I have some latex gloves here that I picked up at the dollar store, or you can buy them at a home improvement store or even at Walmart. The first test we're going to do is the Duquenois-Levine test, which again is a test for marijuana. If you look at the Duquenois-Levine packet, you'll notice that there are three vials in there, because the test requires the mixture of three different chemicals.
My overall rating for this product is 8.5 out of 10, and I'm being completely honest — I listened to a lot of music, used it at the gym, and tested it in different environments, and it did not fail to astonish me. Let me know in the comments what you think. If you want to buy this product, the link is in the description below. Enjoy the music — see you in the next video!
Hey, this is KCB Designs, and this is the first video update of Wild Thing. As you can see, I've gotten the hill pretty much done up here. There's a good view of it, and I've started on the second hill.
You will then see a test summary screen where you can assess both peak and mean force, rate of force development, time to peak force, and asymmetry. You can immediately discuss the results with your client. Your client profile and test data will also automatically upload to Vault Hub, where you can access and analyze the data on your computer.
--
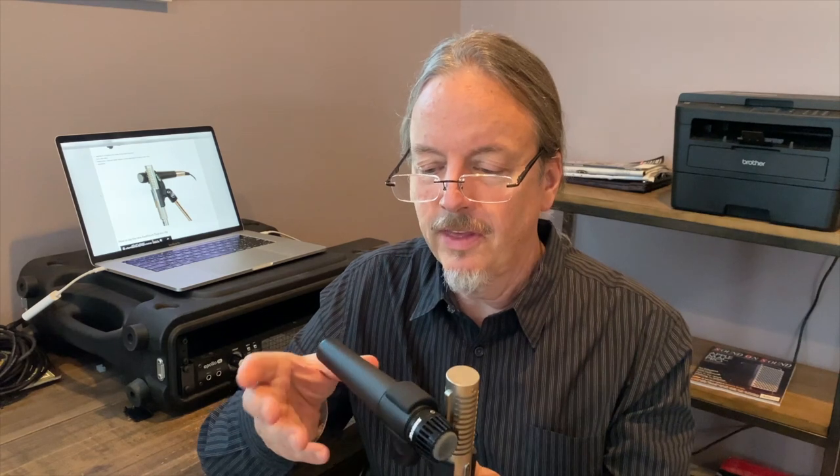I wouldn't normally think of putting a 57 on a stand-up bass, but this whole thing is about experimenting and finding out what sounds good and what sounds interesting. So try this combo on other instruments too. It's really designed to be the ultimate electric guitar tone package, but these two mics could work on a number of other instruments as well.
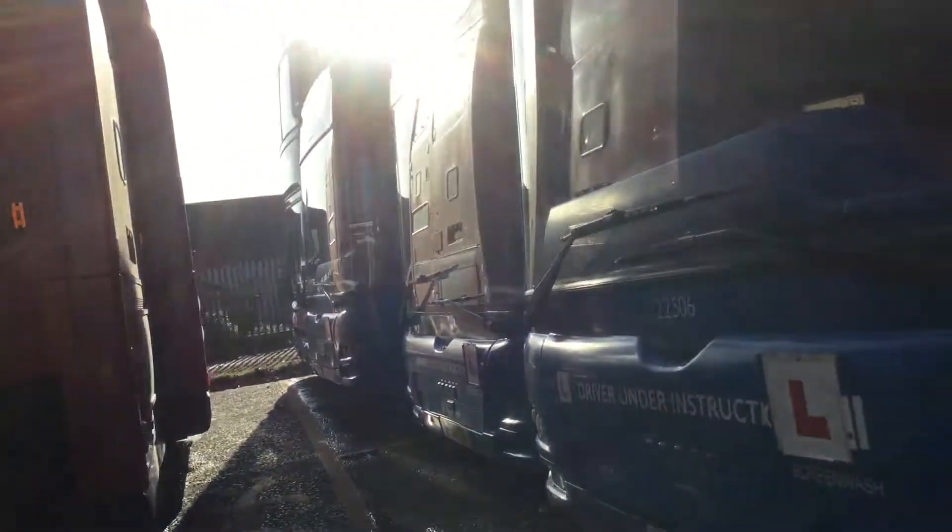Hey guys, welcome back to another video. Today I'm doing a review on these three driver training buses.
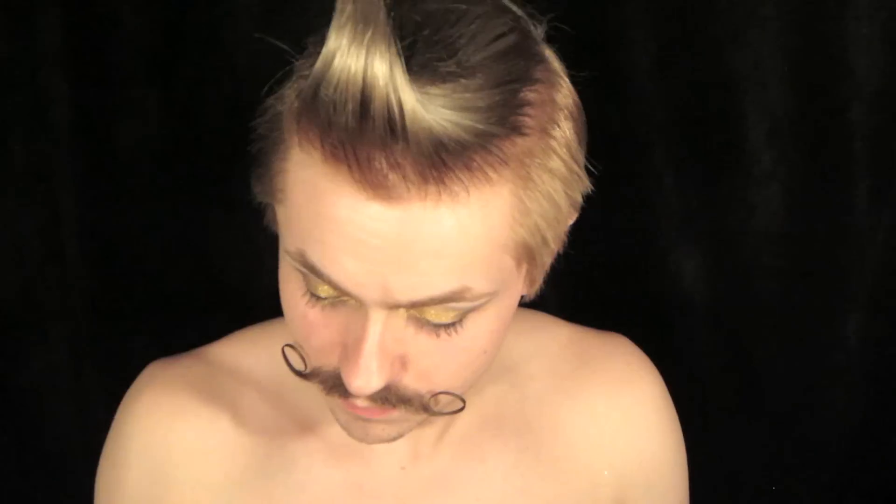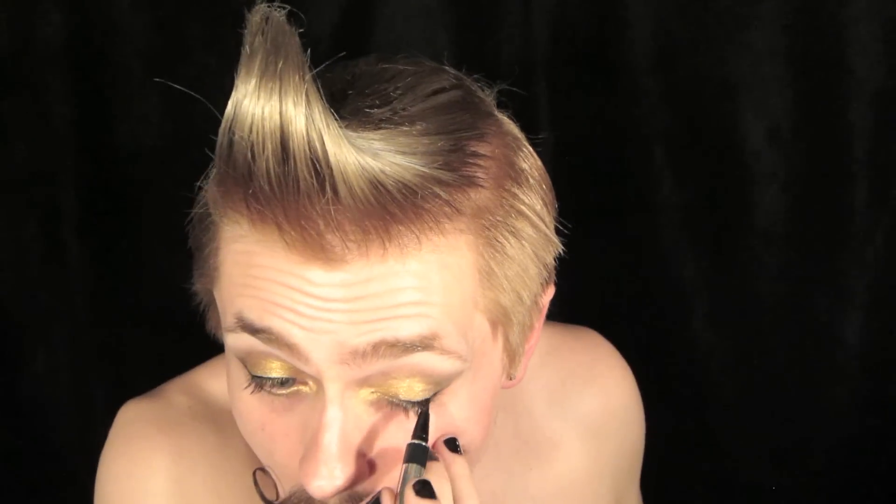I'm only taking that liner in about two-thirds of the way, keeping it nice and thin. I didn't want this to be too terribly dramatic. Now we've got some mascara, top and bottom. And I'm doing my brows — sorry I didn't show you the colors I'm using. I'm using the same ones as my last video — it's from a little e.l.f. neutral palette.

Problem to solve: Retype exactly the span of lines from the one with "I have some" through the one with "My overall rating"; include both ends and omit the rest of the material.

Your solution:
I have some latex gloves here that I picked up at the dollar store, or you can buy them at a home improvement store or even at Walmart. The first test we're going to do is the Duquenois-Levine test, which again is a test for marijuana. If you look at the Duquenois-Levine packet, you'll notice that there are three vials in there, because the test requires the mixture of three different chemicals.
My overall rating for this product is 8.5 out of 10, and I'm being completely honest — I listened to a lot of music, used it at the gym, and tested it in different environments, and it did not fail to astonish me. Let me know in the comments what you think. If you want to buy this product, the link is in the description below. Enjoy the music — see you in the next video!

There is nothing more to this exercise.